WORKING DATA:
%%

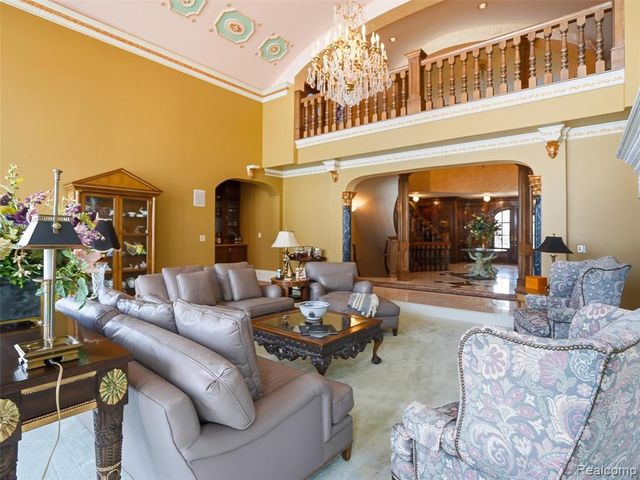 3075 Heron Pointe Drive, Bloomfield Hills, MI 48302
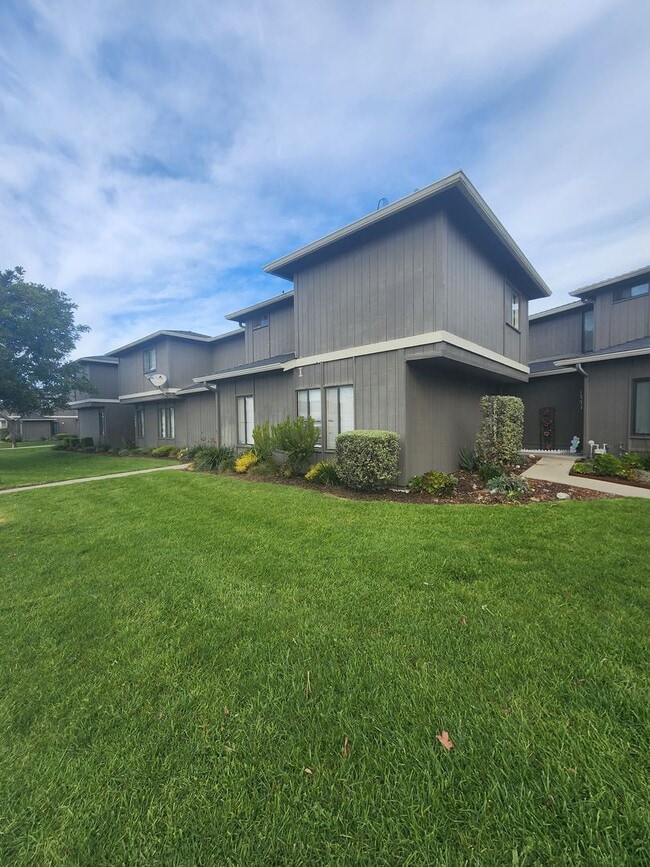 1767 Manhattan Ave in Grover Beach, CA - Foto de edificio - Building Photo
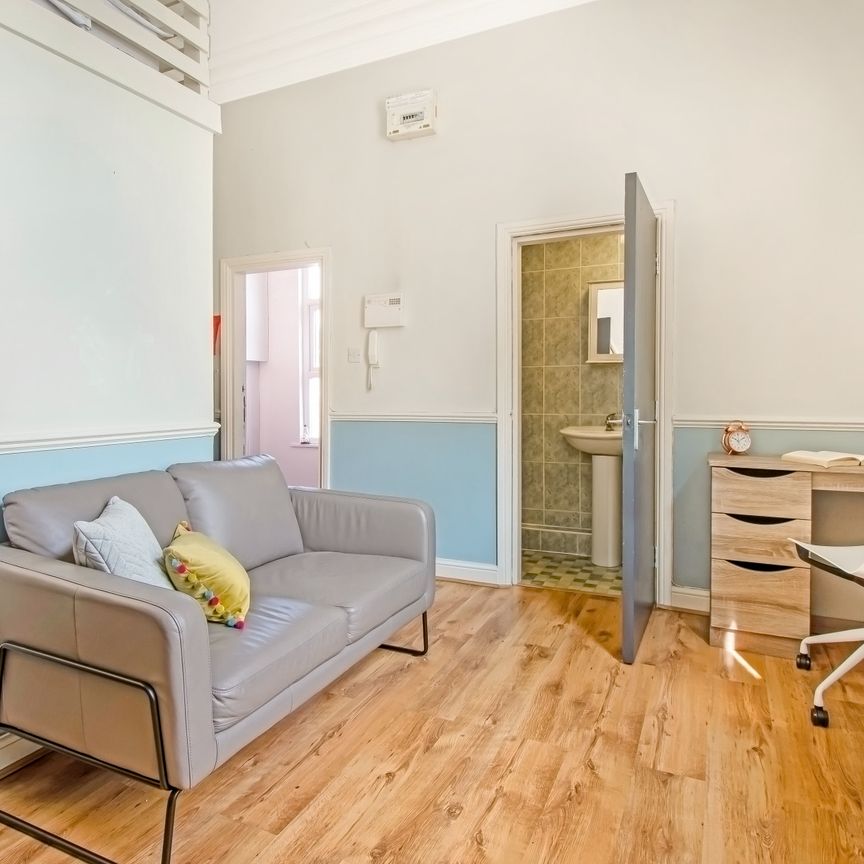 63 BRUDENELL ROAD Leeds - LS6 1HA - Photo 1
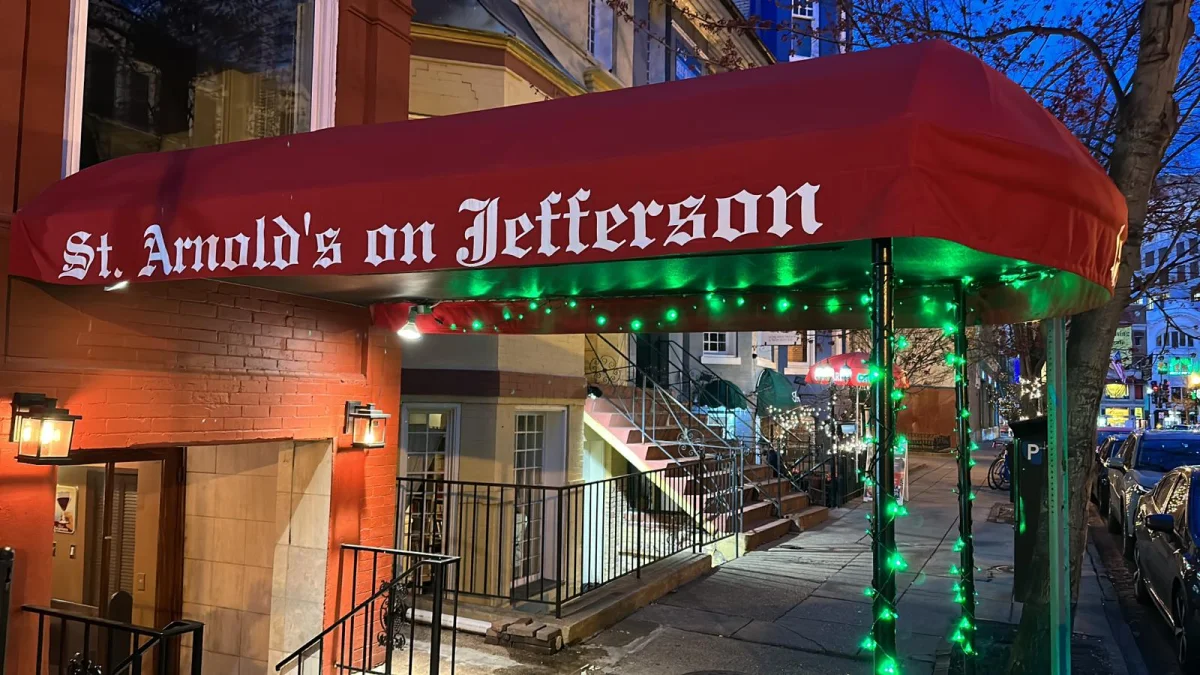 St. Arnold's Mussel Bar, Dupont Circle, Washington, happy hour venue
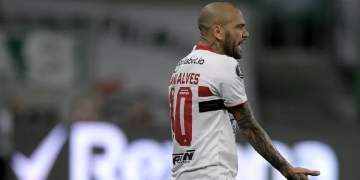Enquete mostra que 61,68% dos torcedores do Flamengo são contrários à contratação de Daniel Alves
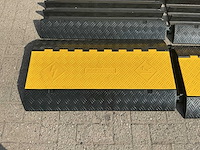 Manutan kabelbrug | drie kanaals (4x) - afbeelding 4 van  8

%%
%%

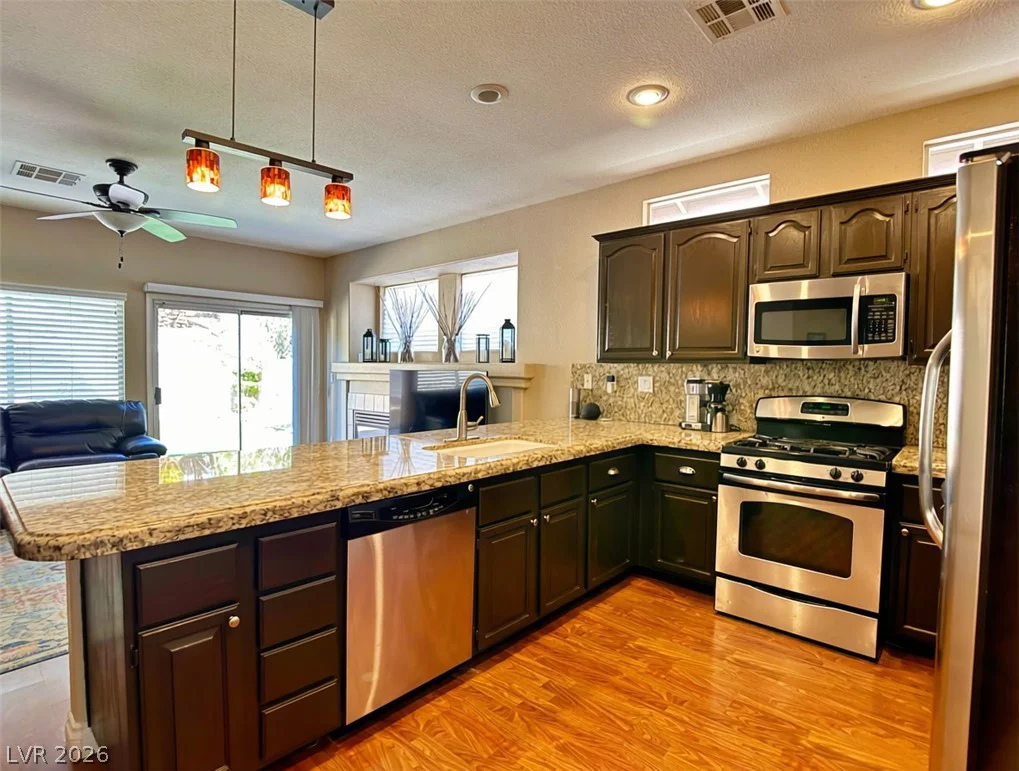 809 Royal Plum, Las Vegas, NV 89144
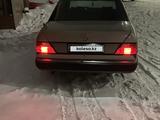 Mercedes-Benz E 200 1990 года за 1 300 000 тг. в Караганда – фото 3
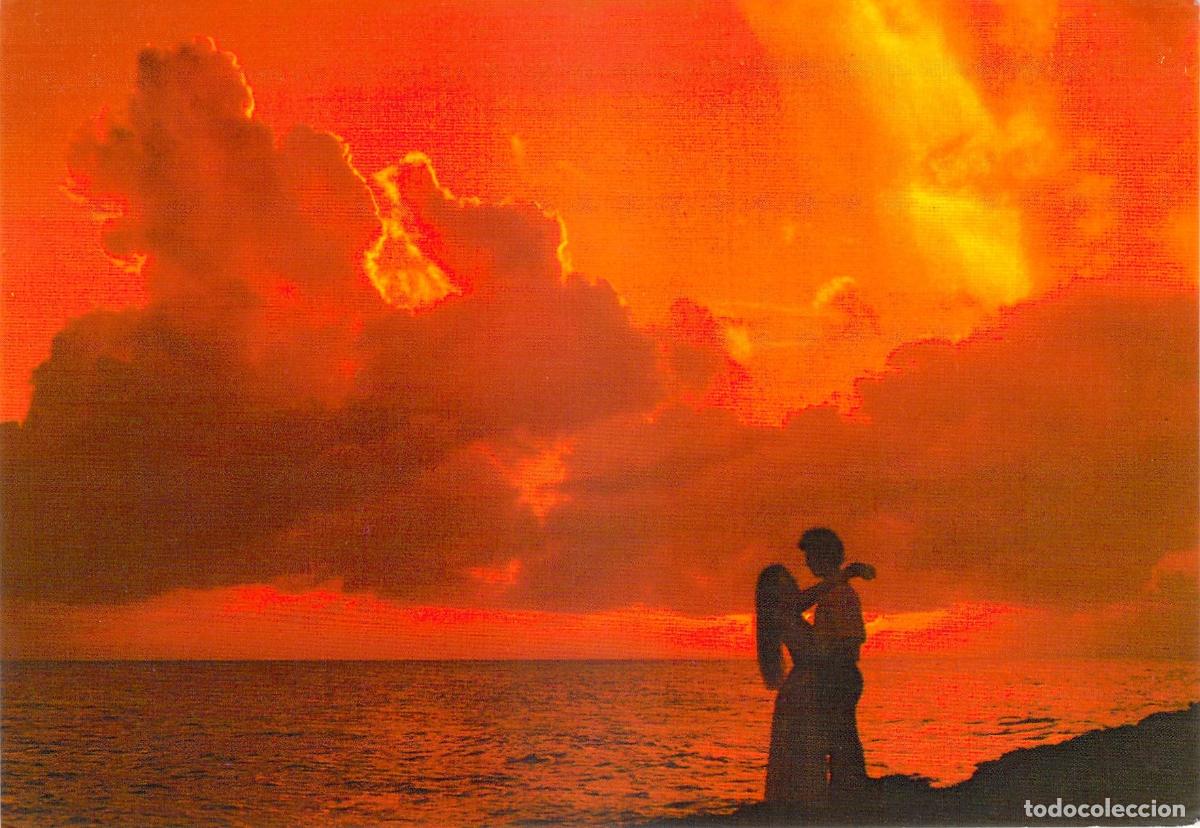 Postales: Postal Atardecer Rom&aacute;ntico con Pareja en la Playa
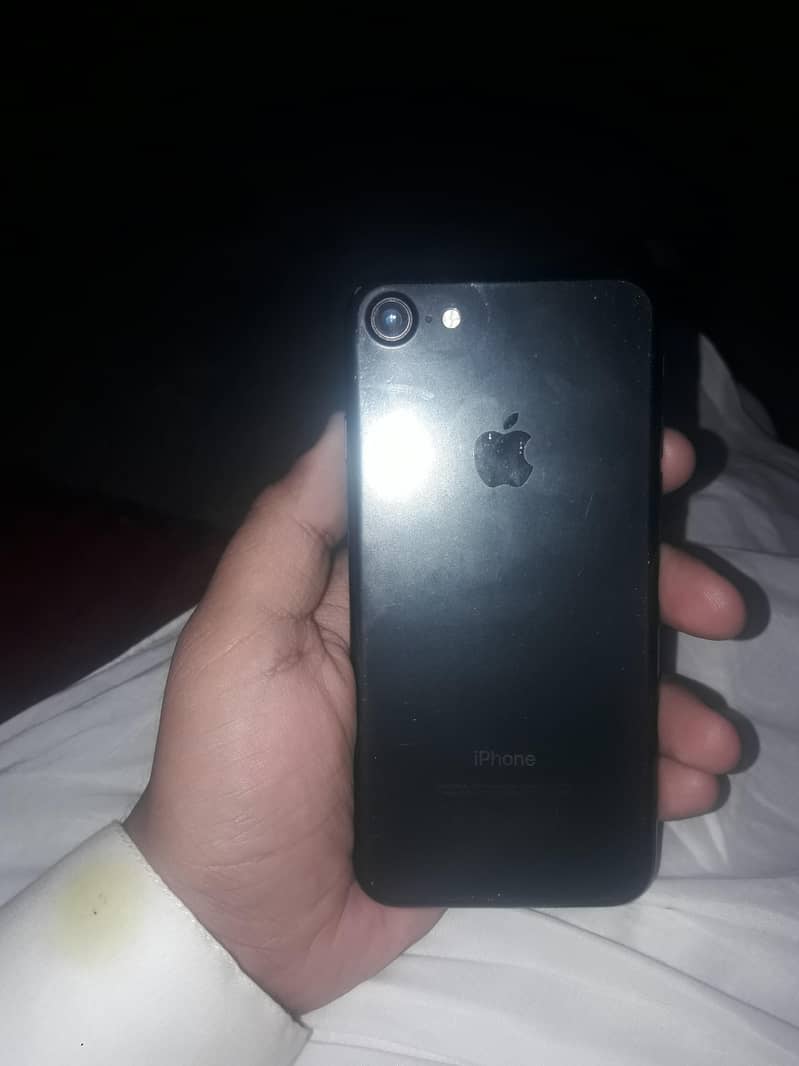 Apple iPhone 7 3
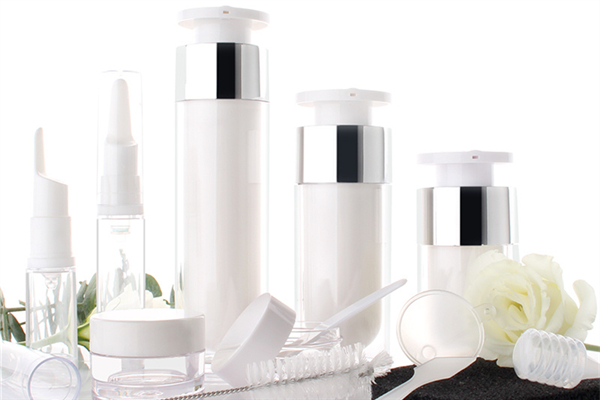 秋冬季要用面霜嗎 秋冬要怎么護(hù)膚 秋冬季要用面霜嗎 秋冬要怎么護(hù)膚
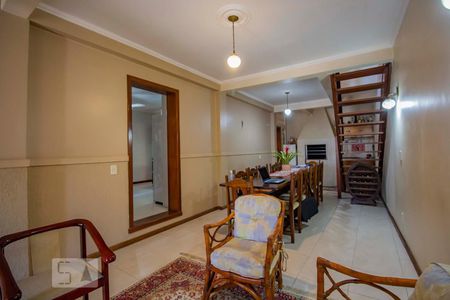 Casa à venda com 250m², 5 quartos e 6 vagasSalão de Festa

%%
%%

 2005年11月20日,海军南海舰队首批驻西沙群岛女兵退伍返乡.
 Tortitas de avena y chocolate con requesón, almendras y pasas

%%

PROBLEM STATEMENT:
Copy the entries above exactly, but only the stretch from the line containing "St. Arnold's Mussel" through the line containing "Manutan kabelbrug |". Keep both end lines; drop the pictures.

EXERCISE OUTPUT:
 St. Arnold's Mussel Bar, Dupont Circle, Washington, happy hour venue
Enquete mostra que 61,68% dos torcedores do Flamengo são contrários à contratação de Daniel Alves
 Manutan kabelbrug | drie kanaals (4x) - afbeelding 4 van  8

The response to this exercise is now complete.